_WHAT TO PRODUCE_: Only the lines from the line containing "Boden Ponte Knit" to the end of the entries, both included, belong in your answer, and each must match exactly.

Source records:

------------------------------------

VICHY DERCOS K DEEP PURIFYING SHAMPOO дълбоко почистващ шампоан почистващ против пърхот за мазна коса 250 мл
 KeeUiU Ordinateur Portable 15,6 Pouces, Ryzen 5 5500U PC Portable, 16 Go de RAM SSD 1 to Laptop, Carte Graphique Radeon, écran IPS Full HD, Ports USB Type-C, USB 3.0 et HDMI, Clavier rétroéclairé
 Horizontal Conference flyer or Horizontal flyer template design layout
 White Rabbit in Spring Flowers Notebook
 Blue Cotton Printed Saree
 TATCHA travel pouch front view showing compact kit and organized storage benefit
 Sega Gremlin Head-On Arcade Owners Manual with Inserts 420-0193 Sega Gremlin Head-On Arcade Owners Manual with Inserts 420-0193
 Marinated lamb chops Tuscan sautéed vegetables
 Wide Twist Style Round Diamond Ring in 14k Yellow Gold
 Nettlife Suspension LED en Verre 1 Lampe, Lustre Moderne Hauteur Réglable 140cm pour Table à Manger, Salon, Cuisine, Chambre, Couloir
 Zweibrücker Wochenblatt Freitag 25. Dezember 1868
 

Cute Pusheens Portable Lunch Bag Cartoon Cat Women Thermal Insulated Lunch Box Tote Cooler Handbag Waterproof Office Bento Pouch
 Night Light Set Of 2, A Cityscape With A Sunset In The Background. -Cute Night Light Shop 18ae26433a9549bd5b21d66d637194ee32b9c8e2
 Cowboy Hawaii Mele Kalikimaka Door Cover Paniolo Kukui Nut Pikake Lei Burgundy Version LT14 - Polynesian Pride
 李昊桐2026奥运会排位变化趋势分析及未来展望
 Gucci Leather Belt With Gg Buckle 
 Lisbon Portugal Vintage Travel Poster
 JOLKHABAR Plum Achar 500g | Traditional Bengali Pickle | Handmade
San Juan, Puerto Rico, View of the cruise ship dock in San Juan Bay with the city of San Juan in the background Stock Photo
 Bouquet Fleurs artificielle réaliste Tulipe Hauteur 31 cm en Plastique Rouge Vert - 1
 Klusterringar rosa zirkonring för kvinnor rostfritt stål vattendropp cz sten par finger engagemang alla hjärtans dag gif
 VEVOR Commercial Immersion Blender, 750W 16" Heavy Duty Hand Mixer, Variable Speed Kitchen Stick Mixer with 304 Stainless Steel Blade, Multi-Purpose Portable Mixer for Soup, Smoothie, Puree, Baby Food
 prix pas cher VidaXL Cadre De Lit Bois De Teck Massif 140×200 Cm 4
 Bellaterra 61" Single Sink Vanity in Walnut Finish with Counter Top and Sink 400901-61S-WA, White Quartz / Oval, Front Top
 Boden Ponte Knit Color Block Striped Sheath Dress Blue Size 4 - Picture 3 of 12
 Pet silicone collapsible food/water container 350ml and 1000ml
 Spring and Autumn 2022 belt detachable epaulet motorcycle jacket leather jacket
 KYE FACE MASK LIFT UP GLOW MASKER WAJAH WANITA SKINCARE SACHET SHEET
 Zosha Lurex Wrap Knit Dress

------------------------------------

_ANSWER SPACE_:
 Boden Ponte Knit Color Block Striped Sheath Dress Blue Size 4 - Picture 3 of 12
 Pet silicone collapsible food/water container 350ml and 1000ml
 Spring and Autumn 2022 belt detachable epaulet motorcycle jacket leather jacket
 KYE FACE MASK LIFT UP GLOW MASKER WAJAH WANITA SKINCARE SACHET SHEET
 Zosha Lurex Wrap Knit Dress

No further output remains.